▶ **Assigned task**:
Starting at the first line of the entries below, restate each line exactly until you reach the line with "White Crochet Lace", and print that one too. Leave the pictures out and stop there.

▶ **Data records**:
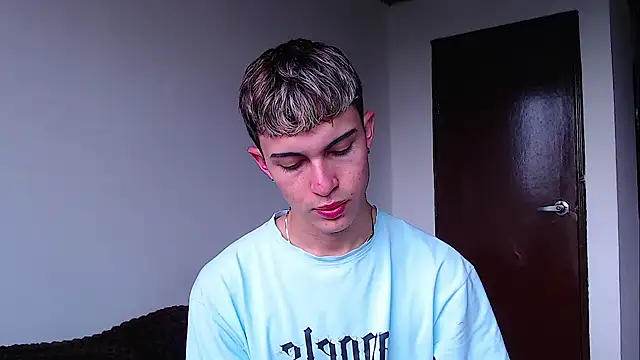 john vichenso online show from December 17, 9:43 pm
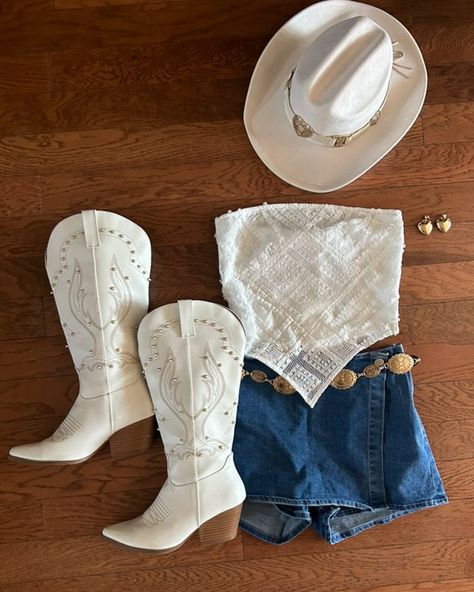 White Crochet Lace Smocked Bandana Top Cowgirl Outfits Jean Shorts, Cute Outfits For Festivals, Cowgirl Outfits Nashville, Country Outfits Jean Shorts, Nashville Outfits Skirt, Ccmf Outfit Ideas, Western Theme Outfits Women, Hoedown Throwdown Outfit, Beachy Western Outfits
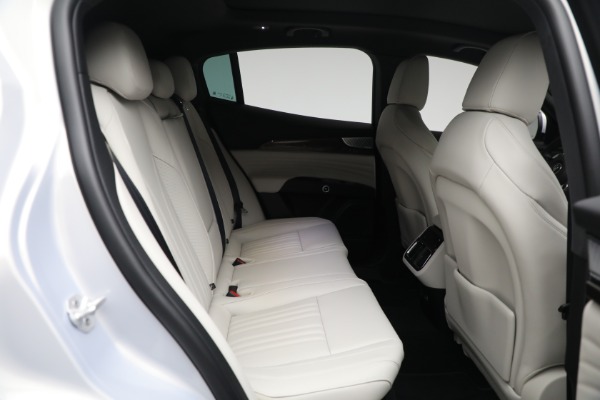 New 2023 Maserati Grecale Modena for sale $88,701 at Rolls-Royce Motor Cars Greenwich in Greenwich CT 06830 23
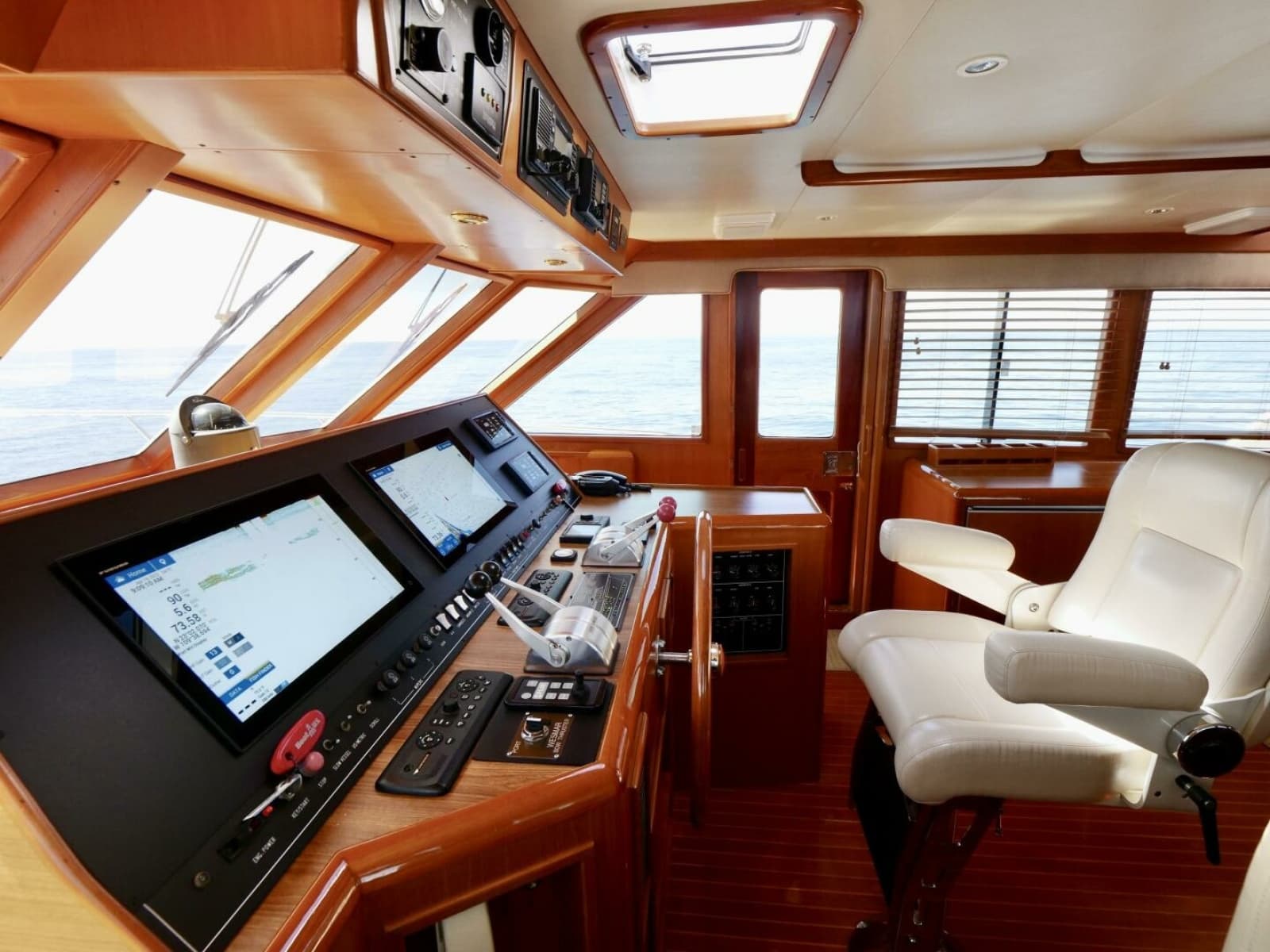 2000 Offshore Yachts 62 Pilothouse - Photo 41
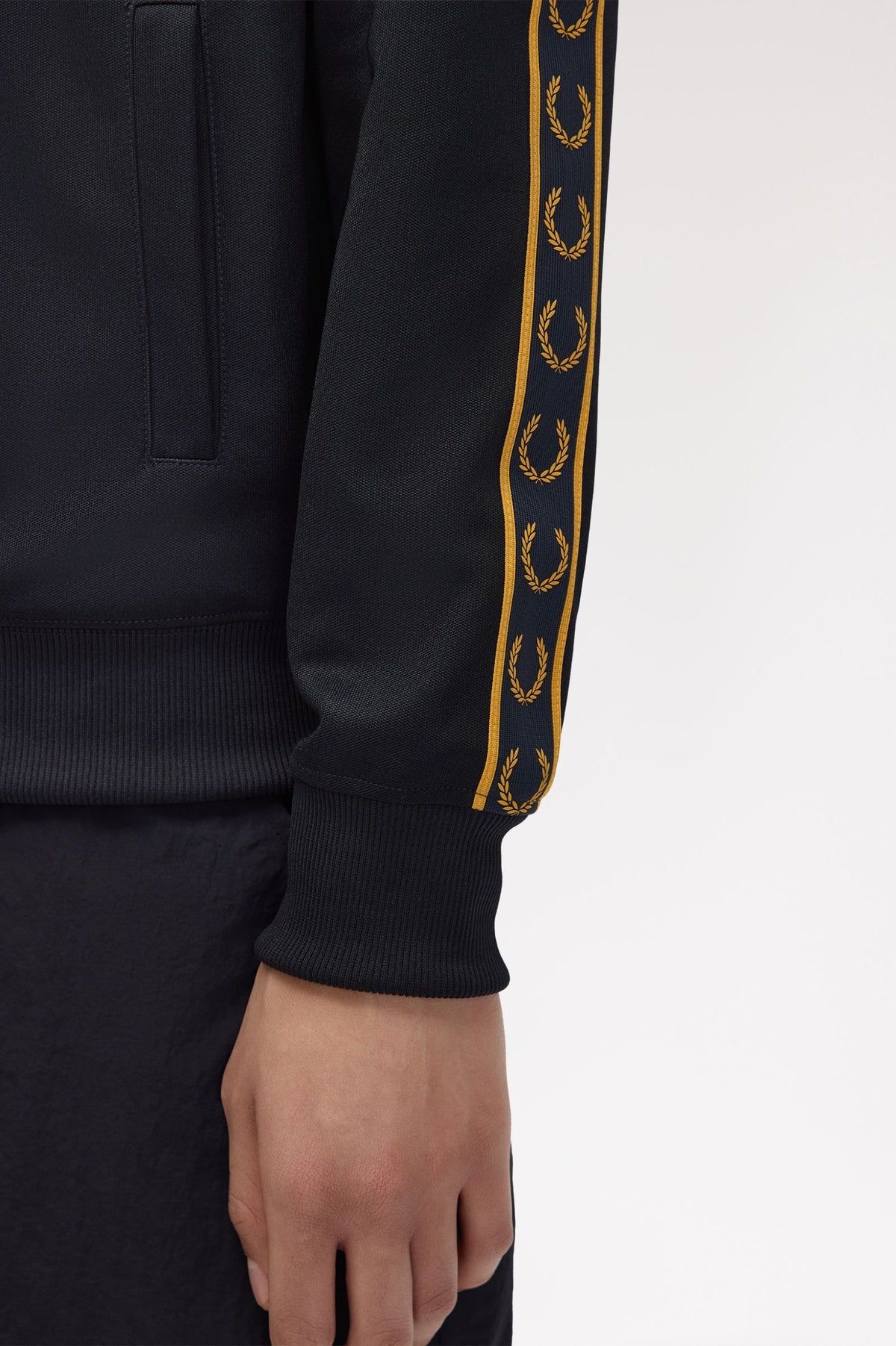 CHAQUETA CHANDAL FRED PERRY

▶ **Your response**:
 john vichenso online show from December 17, 9:43 pm
 White Crochet Lace Smocked Bandana Top Cowgirl Outfits Jean Shorts, Cute Outfits For Festivals, Cowgirl Outfits Nashville, Country Outfits Jean Shorts, Nashville Outfits Skirt, Ccmf Outfit Ideas, Western Theme Outfits Women, Hoedown Throwdown Outfit, Beachy Western Outfits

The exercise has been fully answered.